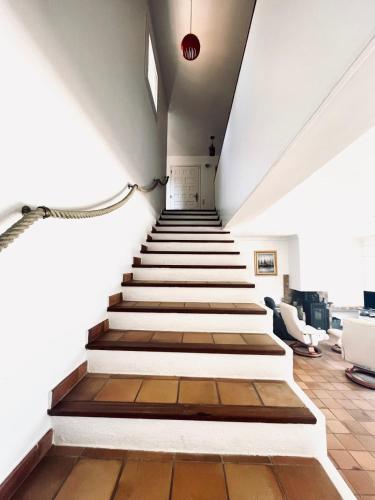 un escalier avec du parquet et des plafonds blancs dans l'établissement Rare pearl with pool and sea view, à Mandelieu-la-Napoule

-- -- --

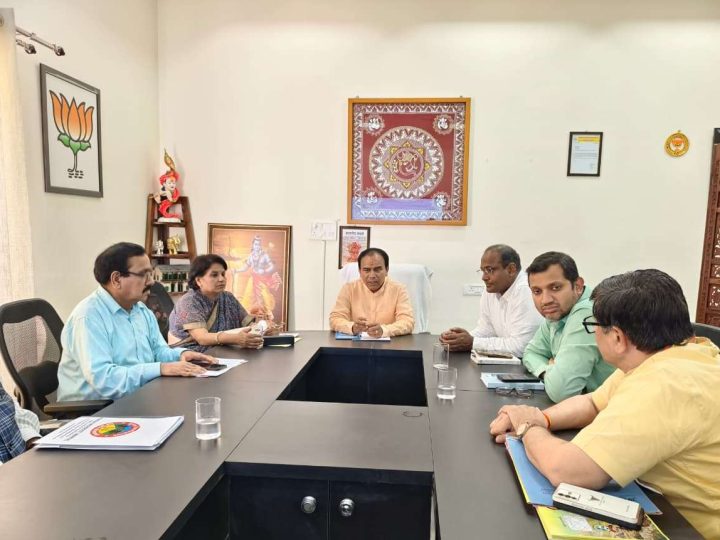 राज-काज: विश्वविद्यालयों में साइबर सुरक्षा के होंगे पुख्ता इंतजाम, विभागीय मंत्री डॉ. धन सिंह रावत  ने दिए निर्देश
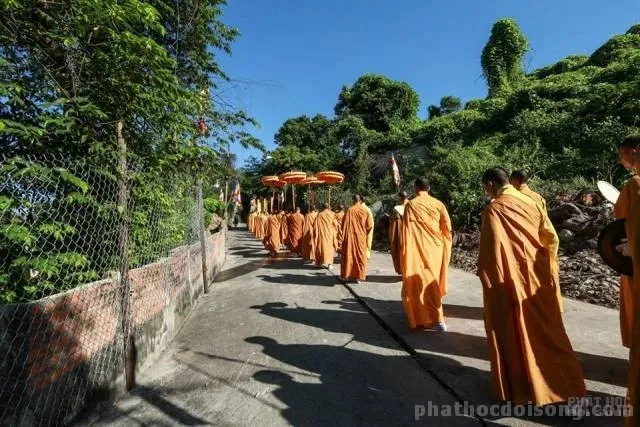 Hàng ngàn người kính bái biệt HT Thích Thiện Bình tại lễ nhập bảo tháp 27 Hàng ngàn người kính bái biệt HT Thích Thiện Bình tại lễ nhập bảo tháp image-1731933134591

-- -- --

TASK REQUIREMENTS: Nothing but the lines from the one containing "राज-काज: विश्वविद्यालयों में" through the one containing "bảo tháp image-1731933134591" should appear, copied exactly from the material above and without pictures.

FINISHED TASK:
 राज-काज: विश्वविद्यालयों में साइबर सुरक्षा के होंगे पुख्ता इंतजाम, विभागीय मंत्री डॉ. धन सिंह रावत  ने दिए निर्देश
 Hàng ngàn người kính bái biệt HT Thích Thiện Bình tại lễ nhập bảo tháp 27 Hàng ngàn người kính bái biệt HT Thích Thiện Bình tại lễ nhập bảo tháp image-1731933134591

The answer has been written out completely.